▸ Records shown:
:::::

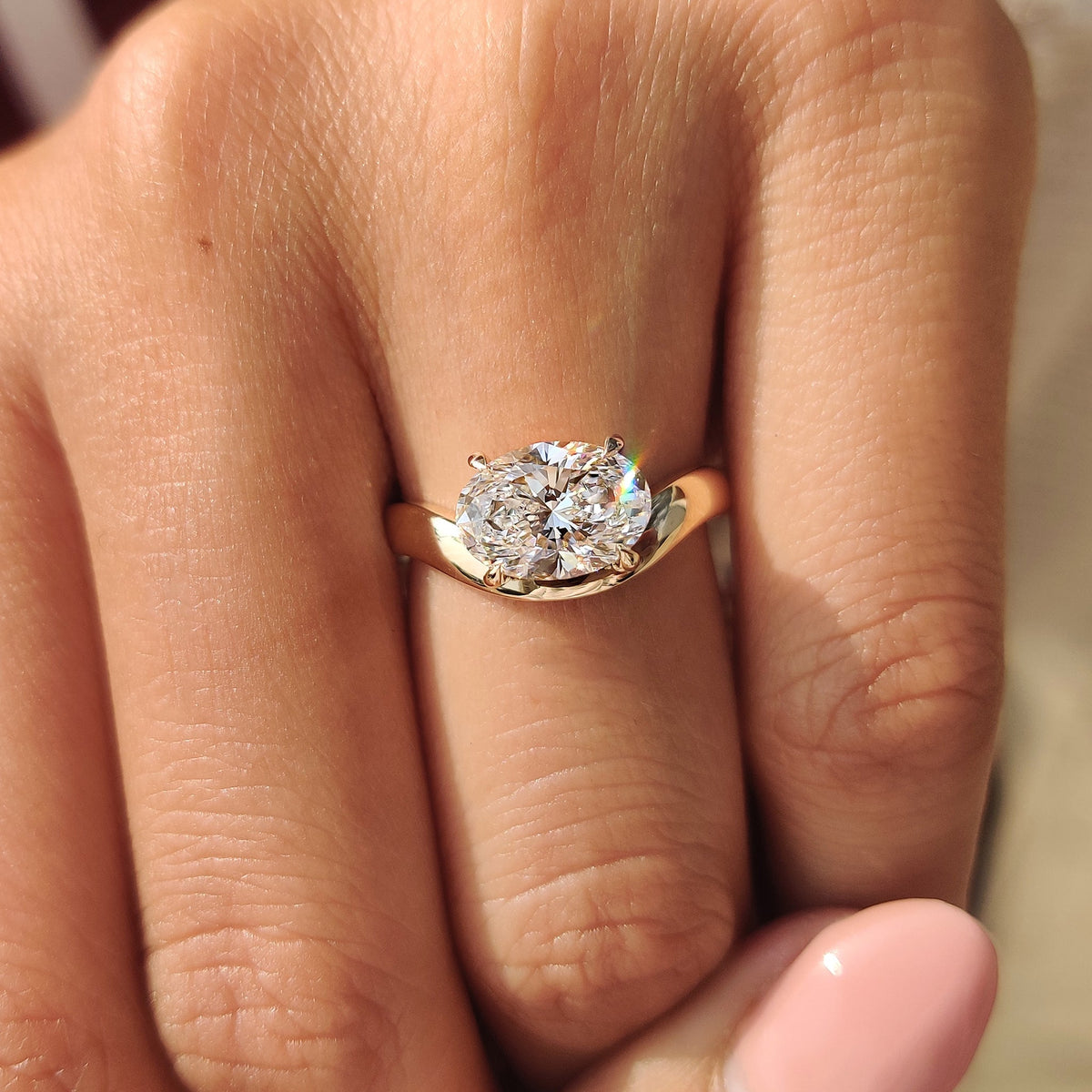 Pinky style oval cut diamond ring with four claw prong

:::::

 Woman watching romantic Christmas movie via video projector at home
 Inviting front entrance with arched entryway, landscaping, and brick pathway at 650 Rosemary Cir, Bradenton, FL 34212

:::::

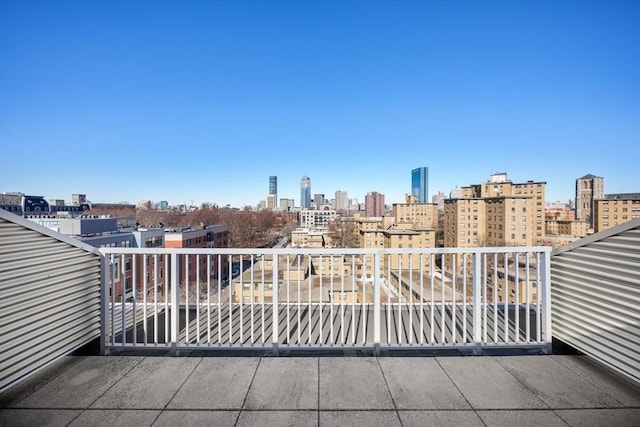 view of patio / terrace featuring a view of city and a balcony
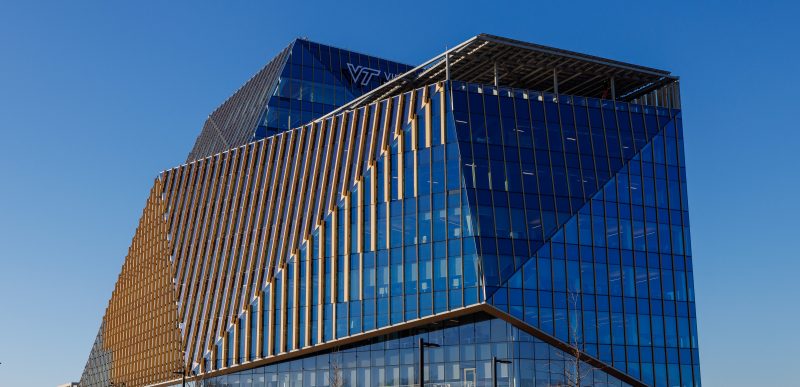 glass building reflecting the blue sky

:::::

▸ Problem:
The expected output is the lines above from the one containing "view of patio" to the one containing "glass building reflecting the blue sky", both ends included, reproduced exactly with every picture left out.

▸ Answer to this problem:
 view of patio / terrace featuring a view of city and a balcony
 glass building reflecting the blue sky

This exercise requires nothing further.